Medical Imagery and Medical Law in the Twenty First Century
The rate of progress of medical imagery is likely to increase progressively pari passu with the progress of medical physics. Although far from being a dissuading factor against such progress, the incorporation of such a dearth of informatica into clinical practice does carry corresponding responsibilities. This aspect incorporates ethics and legality in a world were such principles may either limit clinical practice or alter it, in ways essentially unsounded in yesteryear.
Editorial
The rate of progress of medical imagery is likely to increase progressively pari passu with the progress of medical physics. Although far from being a dissuading factor against such progress, the incorporation of such a dearth of informatica into clinical practice does carry corresponding responsibilities. This aspect incorporates ethics and legality in a world were such principles may either limit clinical practice or alter it, in ways essentially unsounded in yesteryear.
On aspect which abuts both into medical ethics as well as its legality is a direct result of the patient’s medical autonomy. Whereas medical pernalism until relatively recently meant that the doctor did what the doctor thought was best, the situation has drastically changed and with very practical results. The patient’s ever increasing right to his or her own medical management still rankles in many modern physician’s minds. It may sound just not right. Yet, that is the way the cookie is crumbling. And unless one is planning to practice where the rule of modern law does not apply, all medical disciplines must understand, accept and practice along this principle.
Medical imagery has had its own share of medico-legal exposure which has varied from country to country but is bound to increase, albeit at different rates, in all countries. And new developments will bring new challenges.

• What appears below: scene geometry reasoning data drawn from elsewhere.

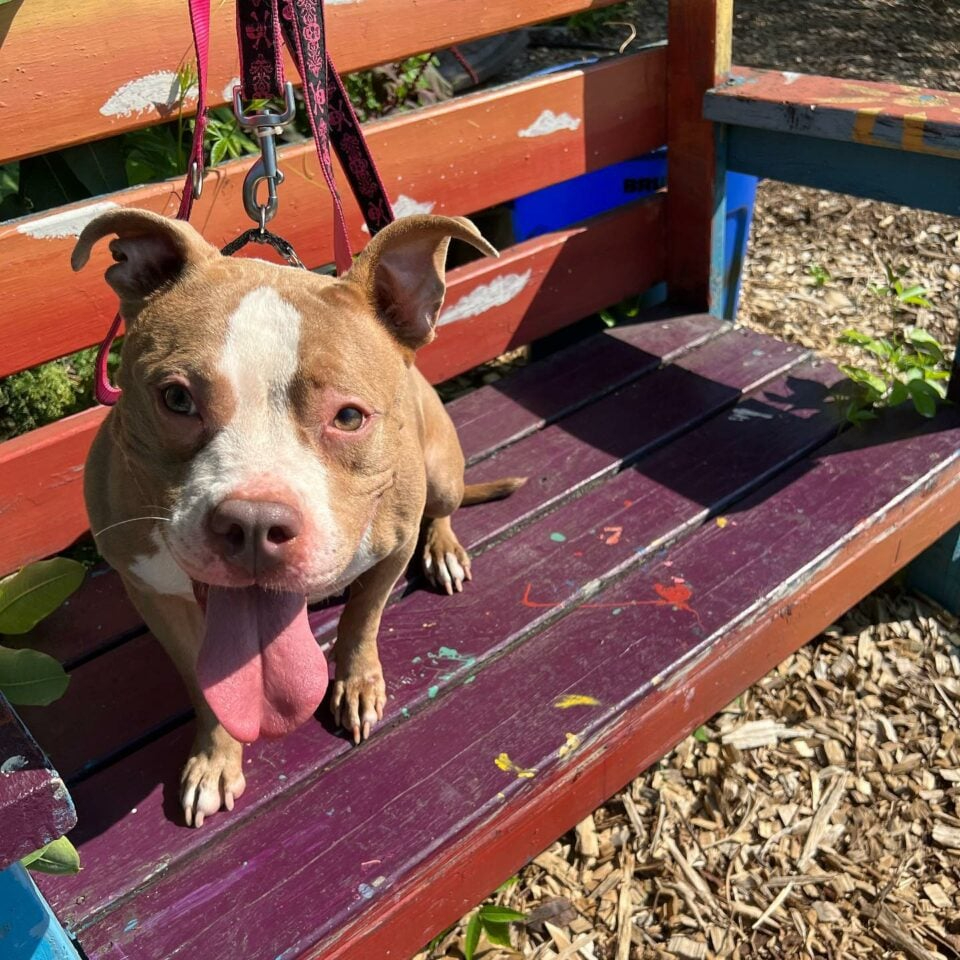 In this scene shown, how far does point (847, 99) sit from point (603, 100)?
33.8 inches

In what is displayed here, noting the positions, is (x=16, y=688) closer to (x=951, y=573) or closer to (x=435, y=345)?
(x=435, y=345)

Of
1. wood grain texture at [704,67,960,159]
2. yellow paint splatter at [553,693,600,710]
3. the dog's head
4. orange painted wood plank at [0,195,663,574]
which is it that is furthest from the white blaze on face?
wood grain texture at [704,67,960,159]

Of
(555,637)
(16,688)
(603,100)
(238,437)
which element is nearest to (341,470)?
(238,437)

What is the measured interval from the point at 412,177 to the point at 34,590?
6.02 ft

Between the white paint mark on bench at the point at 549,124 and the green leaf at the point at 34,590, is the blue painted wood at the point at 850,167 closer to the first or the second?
the white paint mark on bench at the point at 549,124

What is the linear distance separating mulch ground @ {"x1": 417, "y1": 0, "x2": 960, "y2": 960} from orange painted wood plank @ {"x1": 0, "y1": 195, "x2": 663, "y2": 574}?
1.55 meters

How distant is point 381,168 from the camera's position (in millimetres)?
3191

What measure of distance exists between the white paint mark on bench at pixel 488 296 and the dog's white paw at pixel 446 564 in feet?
3.41

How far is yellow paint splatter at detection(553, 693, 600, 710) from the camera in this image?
2.44 m

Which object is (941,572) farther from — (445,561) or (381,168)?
(381,168)

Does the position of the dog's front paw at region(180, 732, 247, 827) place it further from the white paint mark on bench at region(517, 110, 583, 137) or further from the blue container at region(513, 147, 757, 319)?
the blue container at region(513, 147, 757, 319)

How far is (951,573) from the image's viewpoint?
11.7 feet

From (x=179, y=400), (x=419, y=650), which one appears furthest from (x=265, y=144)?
(x=419, y=650)

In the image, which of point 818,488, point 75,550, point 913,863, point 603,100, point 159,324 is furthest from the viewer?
point 603,100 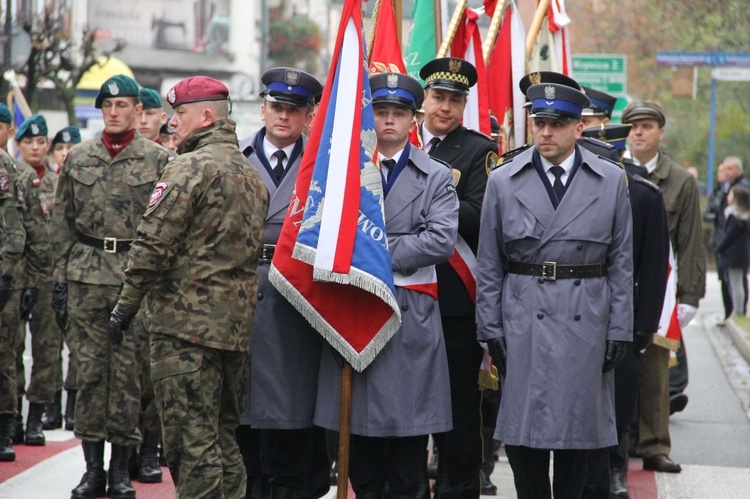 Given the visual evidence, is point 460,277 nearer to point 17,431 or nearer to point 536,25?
point 536,25

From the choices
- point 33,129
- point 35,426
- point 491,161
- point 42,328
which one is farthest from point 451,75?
point 33,129

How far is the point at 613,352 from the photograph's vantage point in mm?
5840

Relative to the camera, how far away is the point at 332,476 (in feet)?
25.3

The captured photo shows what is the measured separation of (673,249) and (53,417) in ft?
15.7

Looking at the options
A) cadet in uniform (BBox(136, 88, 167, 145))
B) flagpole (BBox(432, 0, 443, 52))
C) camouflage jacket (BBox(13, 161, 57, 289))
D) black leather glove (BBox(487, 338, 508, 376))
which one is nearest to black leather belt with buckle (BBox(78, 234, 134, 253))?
camouflage jacket (BBox(13, 161, 57, 289))

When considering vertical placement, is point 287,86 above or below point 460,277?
above

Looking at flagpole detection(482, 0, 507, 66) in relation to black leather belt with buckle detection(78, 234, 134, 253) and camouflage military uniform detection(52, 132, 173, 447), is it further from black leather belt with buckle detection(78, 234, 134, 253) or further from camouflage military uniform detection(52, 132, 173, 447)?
black leather belt with buckle detection(78, 234, 134, 253)

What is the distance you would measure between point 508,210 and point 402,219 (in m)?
0.52

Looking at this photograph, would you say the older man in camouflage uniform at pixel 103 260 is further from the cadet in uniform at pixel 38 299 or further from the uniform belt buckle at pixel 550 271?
the uniform belt buckle at pixel 550 271

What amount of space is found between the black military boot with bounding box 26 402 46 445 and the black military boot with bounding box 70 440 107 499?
177 centimetres

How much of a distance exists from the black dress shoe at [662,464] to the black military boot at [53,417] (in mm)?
4398

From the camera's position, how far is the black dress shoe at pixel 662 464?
8.21 metres

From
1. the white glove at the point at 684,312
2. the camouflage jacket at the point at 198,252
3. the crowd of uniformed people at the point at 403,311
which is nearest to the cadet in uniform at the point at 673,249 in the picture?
the white glove at the point at 684,312

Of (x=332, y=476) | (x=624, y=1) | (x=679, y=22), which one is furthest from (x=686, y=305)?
(x=624, y=1) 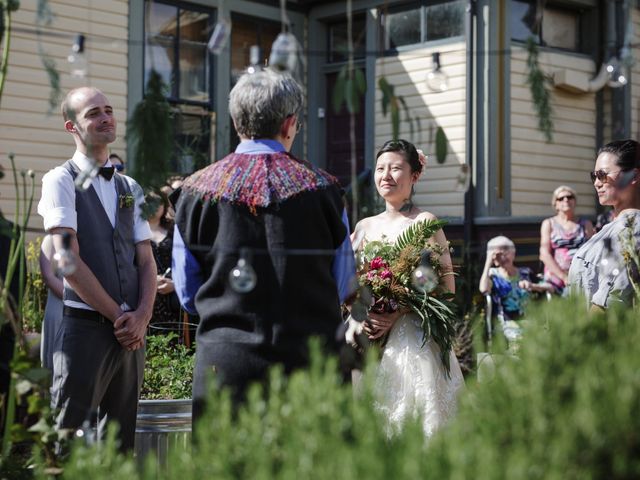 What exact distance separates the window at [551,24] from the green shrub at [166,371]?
711cm

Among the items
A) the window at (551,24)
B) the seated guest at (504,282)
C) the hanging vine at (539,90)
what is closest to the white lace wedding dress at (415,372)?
the hanging vine at (539,90)

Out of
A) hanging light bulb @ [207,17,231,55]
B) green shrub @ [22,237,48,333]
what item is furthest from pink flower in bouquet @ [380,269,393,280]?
green shrub @ [22,237,48,333]

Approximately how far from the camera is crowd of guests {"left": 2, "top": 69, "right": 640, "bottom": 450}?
9.42 ft

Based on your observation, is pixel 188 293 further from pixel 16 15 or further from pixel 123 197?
pixel 16 15

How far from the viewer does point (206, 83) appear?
34.8 ft

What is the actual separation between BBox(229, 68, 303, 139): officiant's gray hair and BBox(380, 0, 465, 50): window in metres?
7.81

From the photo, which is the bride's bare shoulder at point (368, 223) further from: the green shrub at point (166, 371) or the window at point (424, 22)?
the window at point (424, 22)

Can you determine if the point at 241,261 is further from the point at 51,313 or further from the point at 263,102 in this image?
the point at 51,313

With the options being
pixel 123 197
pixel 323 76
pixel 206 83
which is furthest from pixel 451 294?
pixel 323 76

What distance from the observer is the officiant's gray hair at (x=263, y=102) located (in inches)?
115

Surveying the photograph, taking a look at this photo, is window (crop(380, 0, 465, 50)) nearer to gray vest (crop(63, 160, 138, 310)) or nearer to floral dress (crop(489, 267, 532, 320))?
floral dress (crop(489, 267, 532, 320))

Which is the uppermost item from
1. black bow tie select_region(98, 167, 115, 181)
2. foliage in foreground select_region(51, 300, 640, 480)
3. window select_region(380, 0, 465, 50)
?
window select_region(380, 0, 465, 50)

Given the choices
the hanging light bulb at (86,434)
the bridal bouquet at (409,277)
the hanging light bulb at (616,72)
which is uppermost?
the hanging light bulb at (616,72)

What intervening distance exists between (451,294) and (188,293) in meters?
1.90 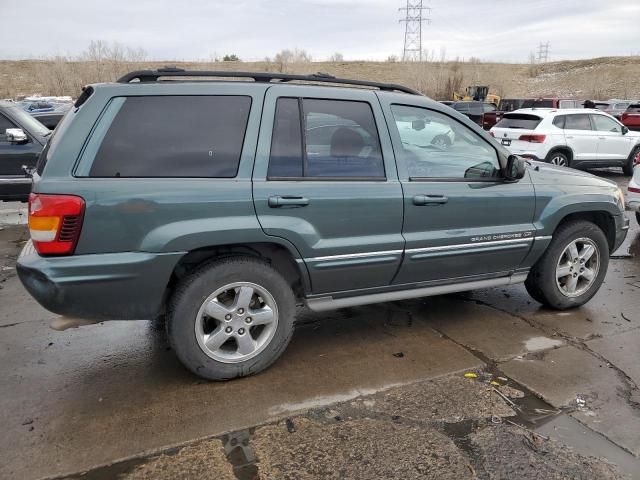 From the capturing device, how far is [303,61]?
52.6 m

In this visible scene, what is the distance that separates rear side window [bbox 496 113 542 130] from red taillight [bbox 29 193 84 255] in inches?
434

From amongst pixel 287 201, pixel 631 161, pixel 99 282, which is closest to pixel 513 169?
pixel 287 201

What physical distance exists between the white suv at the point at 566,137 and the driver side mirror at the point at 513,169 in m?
8.11

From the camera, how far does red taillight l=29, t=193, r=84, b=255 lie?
9.09 feet

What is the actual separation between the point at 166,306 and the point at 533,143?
10426 mm

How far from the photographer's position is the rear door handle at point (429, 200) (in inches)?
139

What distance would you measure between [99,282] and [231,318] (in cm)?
79

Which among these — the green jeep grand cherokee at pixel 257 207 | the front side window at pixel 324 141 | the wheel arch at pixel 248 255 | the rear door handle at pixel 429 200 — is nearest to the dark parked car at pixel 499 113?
the green jeep grand cherokee at pixel 257 207

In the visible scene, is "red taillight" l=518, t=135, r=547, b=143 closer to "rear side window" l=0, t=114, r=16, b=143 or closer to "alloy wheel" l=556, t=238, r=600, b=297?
"alloy wheel" l=556, t=238, r=600, b=297

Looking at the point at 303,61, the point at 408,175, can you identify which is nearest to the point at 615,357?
the point at 408,175

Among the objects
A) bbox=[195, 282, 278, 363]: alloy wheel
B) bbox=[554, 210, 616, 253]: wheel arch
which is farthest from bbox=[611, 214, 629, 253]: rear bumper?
bbox=[195, 282, 278, 363]: alloy wheel

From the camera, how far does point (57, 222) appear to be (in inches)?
109

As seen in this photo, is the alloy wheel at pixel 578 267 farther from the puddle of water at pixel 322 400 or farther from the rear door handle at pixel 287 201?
the rear door handle at pixel 287 201

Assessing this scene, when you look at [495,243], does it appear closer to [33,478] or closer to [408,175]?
[408,175] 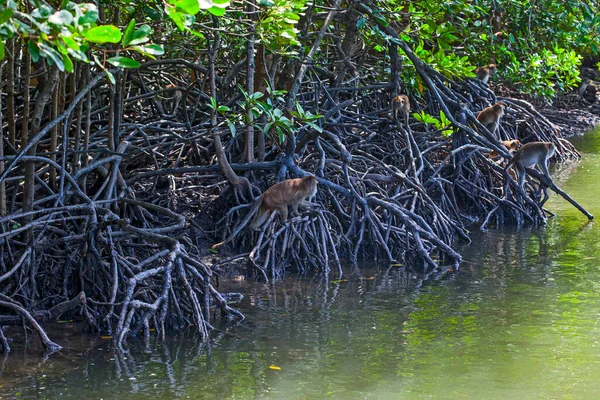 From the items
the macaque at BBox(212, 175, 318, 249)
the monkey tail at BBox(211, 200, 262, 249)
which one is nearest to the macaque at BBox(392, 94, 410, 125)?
the macaque at BBox(212, 175, 318, 249)

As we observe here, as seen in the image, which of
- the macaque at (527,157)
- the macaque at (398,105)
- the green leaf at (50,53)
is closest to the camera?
the green leaf at (50,53)

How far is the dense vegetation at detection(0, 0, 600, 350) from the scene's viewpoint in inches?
227

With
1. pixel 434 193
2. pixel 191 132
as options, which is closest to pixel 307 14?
pixel 191 132

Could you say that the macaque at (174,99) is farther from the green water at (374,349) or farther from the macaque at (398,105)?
the green water at (374,349)

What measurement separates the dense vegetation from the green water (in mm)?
267

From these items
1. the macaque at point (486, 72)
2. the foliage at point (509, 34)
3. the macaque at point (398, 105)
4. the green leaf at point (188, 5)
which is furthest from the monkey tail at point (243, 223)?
the macaque at point (486, 72)

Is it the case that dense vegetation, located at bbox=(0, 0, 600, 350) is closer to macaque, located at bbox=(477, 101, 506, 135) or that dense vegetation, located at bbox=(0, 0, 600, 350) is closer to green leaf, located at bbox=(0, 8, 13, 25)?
green leaf, located at bbox=(0, 8, 13, 25)

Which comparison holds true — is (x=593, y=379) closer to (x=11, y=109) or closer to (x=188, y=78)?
(x=11, y=109)

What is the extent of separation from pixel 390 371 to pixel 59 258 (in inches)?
98.8

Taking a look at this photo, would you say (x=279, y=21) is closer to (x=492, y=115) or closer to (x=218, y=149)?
(x=218, y=149)

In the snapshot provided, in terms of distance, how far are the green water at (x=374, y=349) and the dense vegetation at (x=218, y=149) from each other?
0.27m

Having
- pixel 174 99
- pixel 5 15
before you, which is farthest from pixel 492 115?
pixel 5 15

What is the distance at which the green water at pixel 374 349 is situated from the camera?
4887mm

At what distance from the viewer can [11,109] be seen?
21.3 ft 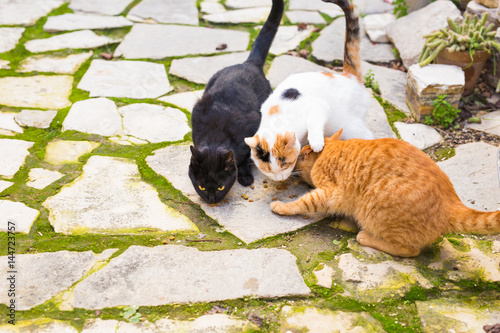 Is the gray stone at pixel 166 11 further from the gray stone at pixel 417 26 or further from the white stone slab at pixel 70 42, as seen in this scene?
the gray stone at pixel 417 26

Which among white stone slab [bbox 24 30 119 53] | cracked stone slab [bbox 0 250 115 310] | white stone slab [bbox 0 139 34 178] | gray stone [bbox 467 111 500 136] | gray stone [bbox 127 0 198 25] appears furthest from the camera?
gray stone [bbox 127 0 198 25]

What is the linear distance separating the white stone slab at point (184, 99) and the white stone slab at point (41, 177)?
60.6 inches

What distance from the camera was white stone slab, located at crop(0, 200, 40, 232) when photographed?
2941mm

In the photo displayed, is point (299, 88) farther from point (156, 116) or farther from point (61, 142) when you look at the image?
point (61, 142)

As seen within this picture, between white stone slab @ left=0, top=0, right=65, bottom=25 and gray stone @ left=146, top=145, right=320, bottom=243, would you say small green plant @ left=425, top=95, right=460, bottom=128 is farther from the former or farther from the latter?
white stone slab @ left=0, top=0, right=65, bottom=25

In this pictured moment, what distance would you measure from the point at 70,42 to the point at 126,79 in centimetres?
129

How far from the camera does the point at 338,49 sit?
5.72 m

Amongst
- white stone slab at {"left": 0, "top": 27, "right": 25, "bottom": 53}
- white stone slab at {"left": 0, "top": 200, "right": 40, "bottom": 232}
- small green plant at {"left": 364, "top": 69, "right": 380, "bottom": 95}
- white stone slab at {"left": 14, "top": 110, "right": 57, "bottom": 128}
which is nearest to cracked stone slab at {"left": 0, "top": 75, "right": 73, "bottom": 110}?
white stone slab at {"left": 14, "top": 110, "right": 57, "bottom": 128}

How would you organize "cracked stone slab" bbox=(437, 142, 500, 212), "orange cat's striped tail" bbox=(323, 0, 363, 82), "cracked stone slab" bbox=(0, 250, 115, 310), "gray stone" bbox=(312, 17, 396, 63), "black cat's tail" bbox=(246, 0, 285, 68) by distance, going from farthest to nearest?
"gray stone" bbox=(312, 17, 396, 63) → "black cat's tail" bbox=(246, 0, 285, 68) → "orange cat's striped tail" bbox=(323, 0, 363, 82) → "cracked stone slab" bbox=(437, 142, 500, 212) → "cracked stone slab" bbox=(0, 250, 115, 310)

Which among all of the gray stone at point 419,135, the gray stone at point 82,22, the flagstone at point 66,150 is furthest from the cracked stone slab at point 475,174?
the gray stone at point 82,22

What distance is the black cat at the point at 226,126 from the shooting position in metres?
3.33

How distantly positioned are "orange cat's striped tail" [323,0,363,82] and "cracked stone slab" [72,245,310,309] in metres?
2.05

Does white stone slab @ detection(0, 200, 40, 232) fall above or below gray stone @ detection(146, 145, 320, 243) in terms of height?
above

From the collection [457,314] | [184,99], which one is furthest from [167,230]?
[184,99] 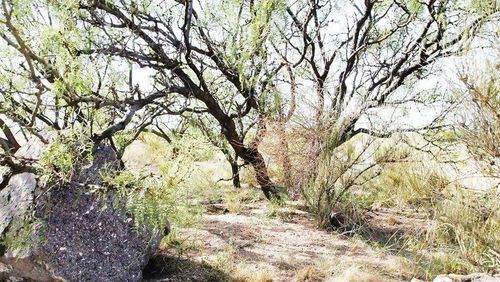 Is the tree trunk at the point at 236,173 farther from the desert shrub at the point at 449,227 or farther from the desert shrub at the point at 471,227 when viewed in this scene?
the desert shrub at the point at 471,227

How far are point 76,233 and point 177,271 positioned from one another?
795mm

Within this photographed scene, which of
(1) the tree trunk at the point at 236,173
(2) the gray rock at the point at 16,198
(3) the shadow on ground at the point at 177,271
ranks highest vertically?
(1) the tree trunk at the point at 236,173

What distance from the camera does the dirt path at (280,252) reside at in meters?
3.67

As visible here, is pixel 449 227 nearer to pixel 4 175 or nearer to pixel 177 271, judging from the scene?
pixel 177 271

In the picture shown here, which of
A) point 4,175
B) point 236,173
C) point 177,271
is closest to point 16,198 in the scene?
point 4,175

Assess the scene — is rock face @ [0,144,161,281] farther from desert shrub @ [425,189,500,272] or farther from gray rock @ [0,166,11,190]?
desert shrub @ [425,189,500,272]

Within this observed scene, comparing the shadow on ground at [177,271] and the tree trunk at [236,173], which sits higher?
the tree trunk at [236,173]

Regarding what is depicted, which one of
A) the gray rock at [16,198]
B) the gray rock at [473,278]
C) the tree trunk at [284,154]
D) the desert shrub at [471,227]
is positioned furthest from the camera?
the tree trunk at [284,154]

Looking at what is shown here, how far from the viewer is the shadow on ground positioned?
359cm

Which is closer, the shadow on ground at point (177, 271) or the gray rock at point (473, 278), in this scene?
the gray rock at point (473, 278)

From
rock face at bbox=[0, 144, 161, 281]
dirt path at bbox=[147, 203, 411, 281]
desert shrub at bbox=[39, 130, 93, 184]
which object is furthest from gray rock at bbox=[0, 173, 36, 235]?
dirt path at bbox=[147, 203, 411, 281]

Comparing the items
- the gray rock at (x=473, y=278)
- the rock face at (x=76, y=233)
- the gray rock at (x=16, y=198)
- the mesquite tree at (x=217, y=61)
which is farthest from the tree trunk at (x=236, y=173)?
the gray rock at (x=473, y=278)

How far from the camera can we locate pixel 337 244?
4.38m

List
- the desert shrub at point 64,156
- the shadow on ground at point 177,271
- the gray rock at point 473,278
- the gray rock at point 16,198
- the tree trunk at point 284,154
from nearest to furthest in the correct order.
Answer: the desert shrub at point 64,156 < the gray rock at point 473,278 < the gray rock at point 16,198 < the shadow on ground at point 177,271 < the tree trunk at point 284,154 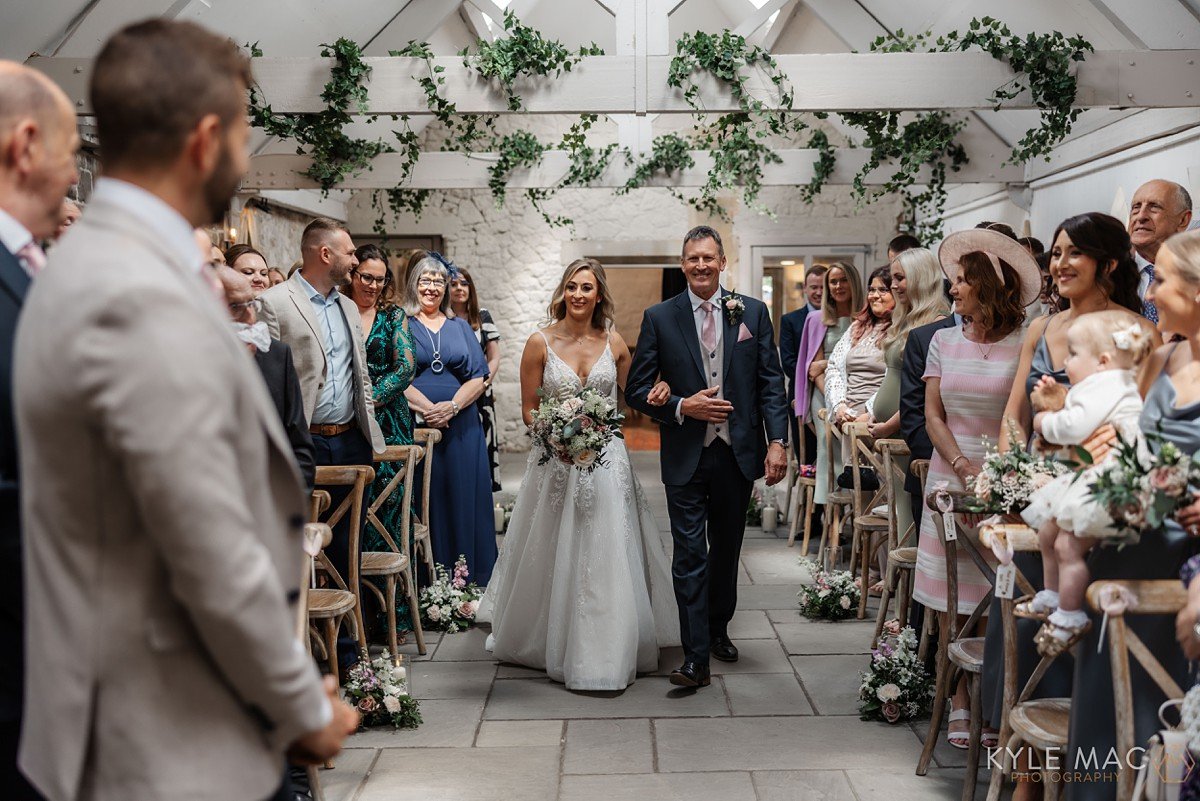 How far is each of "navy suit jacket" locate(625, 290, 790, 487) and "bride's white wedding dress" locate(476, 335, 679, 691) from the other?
27 centimetres

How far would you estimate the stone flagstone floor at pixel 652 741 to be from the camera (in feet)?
10.4

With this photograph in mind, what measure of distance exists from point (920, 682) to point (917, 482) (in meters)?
0.80

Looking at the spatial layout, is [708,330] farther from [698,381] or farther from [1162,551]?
[1162,551]

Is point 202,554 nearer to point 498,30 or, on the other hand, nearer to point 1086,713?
point 1086,713

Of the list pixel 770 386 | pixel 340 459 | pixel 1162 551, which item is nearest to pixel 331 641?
pixel 340 459

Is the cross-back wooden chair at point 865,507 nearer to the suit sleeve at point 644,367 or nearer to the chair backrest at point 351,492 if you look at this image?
the suit sleeve at point 644,367

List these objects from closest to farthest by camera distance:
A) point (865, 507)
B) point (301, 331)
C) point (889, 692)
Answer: point (889, 692)
point (301, 331)
point (865, 507)

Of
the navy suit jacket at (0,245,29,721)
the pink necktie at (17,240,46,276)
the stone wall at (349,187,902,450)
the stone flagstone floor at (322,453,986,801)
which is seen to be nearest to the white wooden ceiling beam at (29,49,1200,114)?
the stone flagstone floor at (322,453,986,801)

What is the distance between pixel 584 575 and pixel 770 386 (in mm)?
1072

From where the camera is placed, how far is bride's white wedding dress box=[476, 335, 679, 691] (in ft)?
13.4

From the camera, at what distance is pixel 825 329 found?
6.61m

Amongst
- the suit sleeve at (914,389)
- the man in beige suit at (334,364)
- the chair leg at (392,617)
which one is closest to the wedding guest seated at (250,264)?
the man in beige suit at (334,364)

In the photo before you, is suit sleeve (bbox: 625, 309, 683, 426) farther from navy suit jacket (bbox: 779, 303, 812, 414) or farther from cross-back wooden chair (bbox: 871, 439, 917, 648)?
navy suit jacket (bbox: 779, 303, 812, 414)

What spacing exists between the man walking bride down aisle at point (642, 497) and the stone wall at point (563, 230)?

Taking one aspect from the use of medical imagery in obstetrics, it is clear and to be expected, that the more ultra-sound imagery has offered pregnant patients, the more avenues have opened for seeking legal compensation for liability in various related aspects. Lack of proper training and certification is by no means a rare point for the plaintiff’s team to throw at the defendant doctor.
The point of this editorial is not to inculcate medicolegal fear. If fear of the law Courts had kept doctors at bay, few people would have survived the modern world. The point is to suggest a few points, which can only make for better doctors of whatever speciality, sub-speciality and super sub-speciality.
- Know your speciality well before you even think of offering a service. Good practice makes safe practice and safe practice creates less legal liabilities.
- Seek serious and reputable official certification where this exists with evidence of regular re-certification or updating.
- Exposure to a subject does not an expert make. For example, an obstetrician performing his own ultrasound, unless he is certified, may not seem so efficient when challenged in Court.
- Whatever the level of education of your patient, explain what you are doing and its limitations.
- Where necessary obtain signed consent.
- When in doubt seek senior advice. You may be a professor of Obstetrics but your knowledge of ultrasound may be sub-average.
- When interpretation is not clear, do not falsely reassure your patient. Honesty is always the best policy. Pity and false reassurance may come at a dear price.
Although unjustified fear of Court leads to defensive medicine, which is condemnable, blatant disregard or ignorance of modern legal principles are dangerous. Medical imagery offers its progress to all medical disciplines. It may also serve as a vehicle to enhance medico-legal principles.